Report of presentation

“Probably everybody here, at some point in their education and their careers, has had the benefit of some great mentors, and also I imagine that many of us have had the privilege and good fortune of being to give back in our profession and to help to mentor other people.”

So said Dr Nicola Parry, an independent consultant now based in the United States who provides pathology support for research groups in academia as well as pharmaceutical and biotechnology companies. She had been acting as a mentor for more than two decades and, over that time, the way mentoring was delivered had changed. “If I look back to my early years in academia, back in the early 2000s, all of the mentoring I did was in person,” she said. Now, all the mentoring she did was at a distance: “I can literally sit at my kitchen table with my laptop or my phone, and thanks to technology and video chats, I can be talking to people who might be 5,000 miles away and doing my best to help them.”

This model of distance mentoring was relatively well described in the medical and health professional literature, but not in the veterinary professional literature, even though many vets would be involved in this type of mentoring.

Dr Parry had first started using distance mentoring about 10 years ago when she moved from one academic post to another in the USA. She had been part of a small pathology team and also head of residency training at the university. Because it would take some time to recruit her replacement, and because she did not want to overburden the colleagues she was leaving behind, she agreed to try to help them from a distance. To do this, she offered structured help by creating a weekly training session that was emailed to the residents for them to work through. She also created mock board exams twice a year. She offered unstructured help by making herself available to residents by phone and email whenever they needed support.

The system worked well, she said – in fact, it went on for six years – and helped to bridge a training gap.

She now used distance mentoring to help vet students and vets who had an interest in a career in pathology. In these cases, most of the mentoring was done via video conferences or email. She could provide help with career development, by helping them to network with the right people, or getting them access to the right resources, or by collaborating with them herself. She also provided career guidance, advising them on things such as choosing externships or residencies, preparing their CVs and applications, and, in some cases, she could act as a referee for an individual she had been mentoring.

Dr Parry also used distance mentoring to work with researchers through an outreach mentorship programme called Author Aid. This programme was helping more than 19,000 researchers in low-income countries to get their research published. It supported them in getting their manuscripts ready for publication by helping them address some of the barriers they faced, such as language and financial and political issues.

She believed that distance mentoring had great potential in the veterinary profession to help bridge gaps in formal training, for professional development, and also for outreach purposes. It might have application in helping to increase the diversity of the profession by reaching out to groups that were under-represented in veterinary medicine – for example, vets could Skype into schools to talk about veterinary careers and the career pathways available. Another way it might be used could be to help students and members of the profession who were looking for mentors from similar backgrounds to themselves.
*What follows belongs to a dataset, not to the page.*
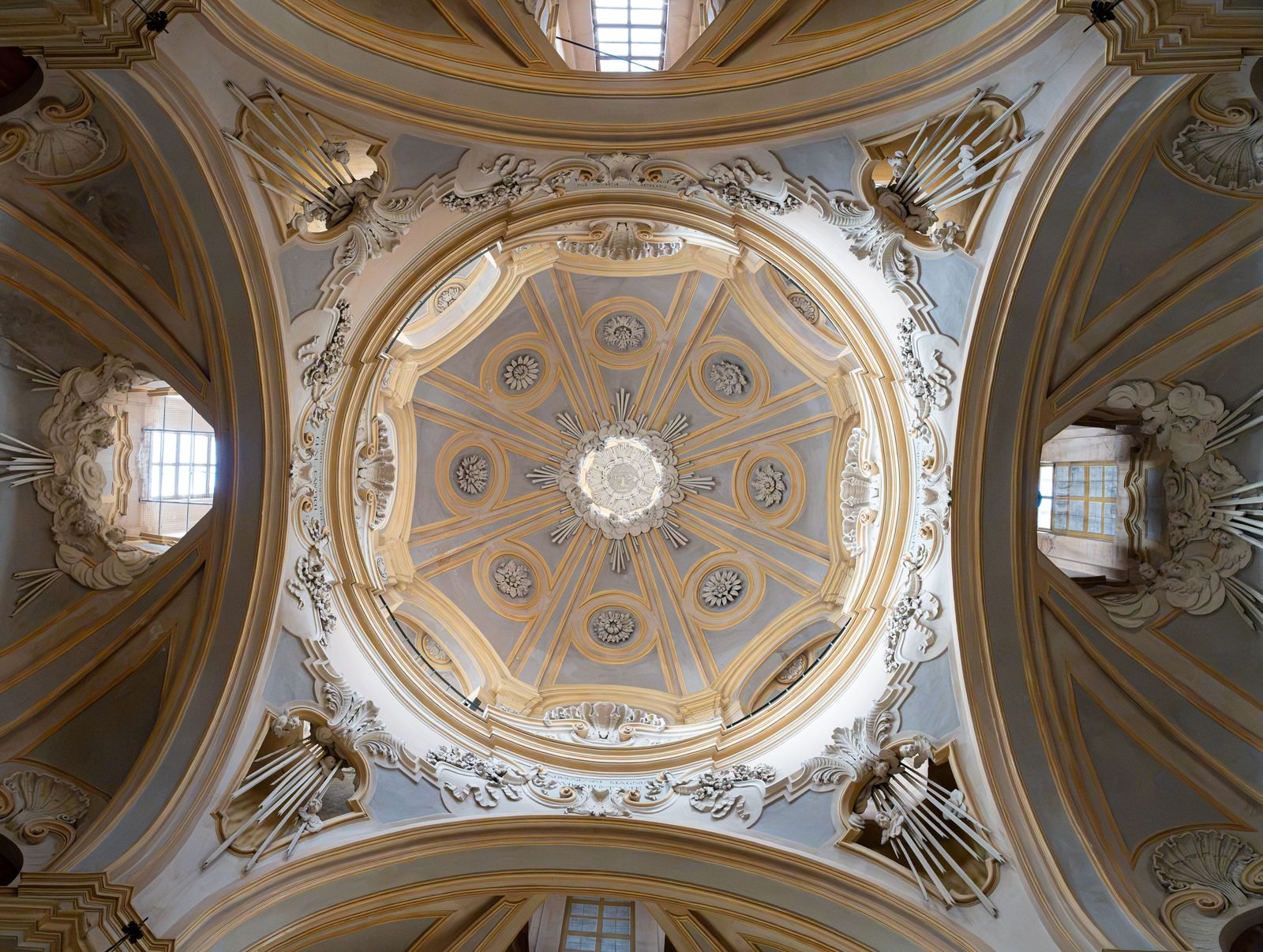 Interno della Chiesa dei Santi Bernardino e Rocco a Chieri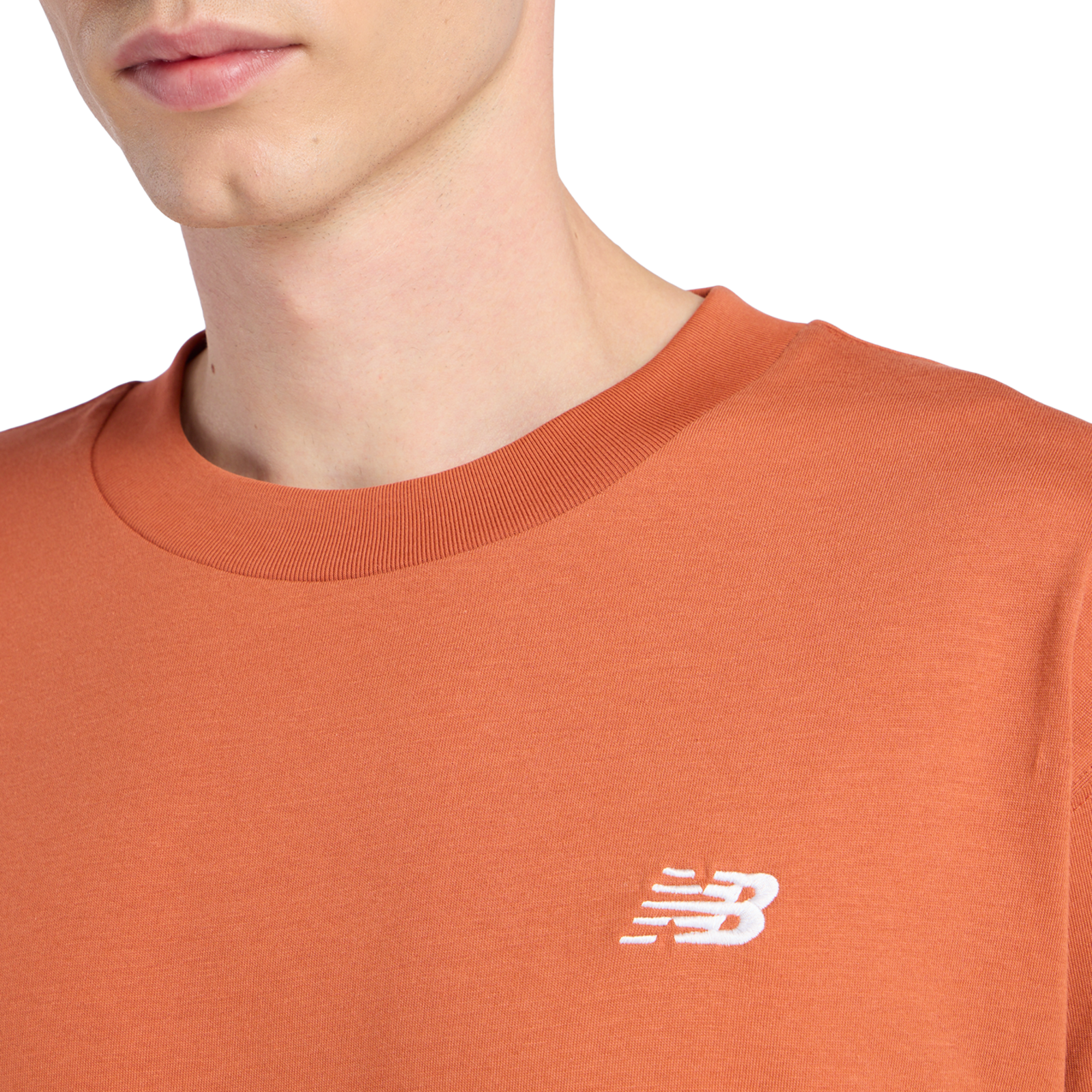 New Balance Sport Essentials Small Logo T-Shirt in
Dr Parry said she intended to continue with her distance mentoring and would be giving a presentation on distance mentoring for pathology at the forthcoming American College of Veterinary Pathologists’ annual conference. However, she was also keen to explore the possibility of a formal distance mentoring programme, to give the concept greater impact, and she wondered whether the RCVS or the American Veterinary Medical Association might be interested in developing this to help vet students and vets in practice. She suggested that, for example, distance mentoring could be used as part of a peer-to-peer support programme to link existing Fellows with vets who wanted to apply to the Fellowship.

A member of the audience commented after Dr Parry’s presentation that it was not just the mentees who benefited from mentoring, often the mentors themselves got a great deal out of it.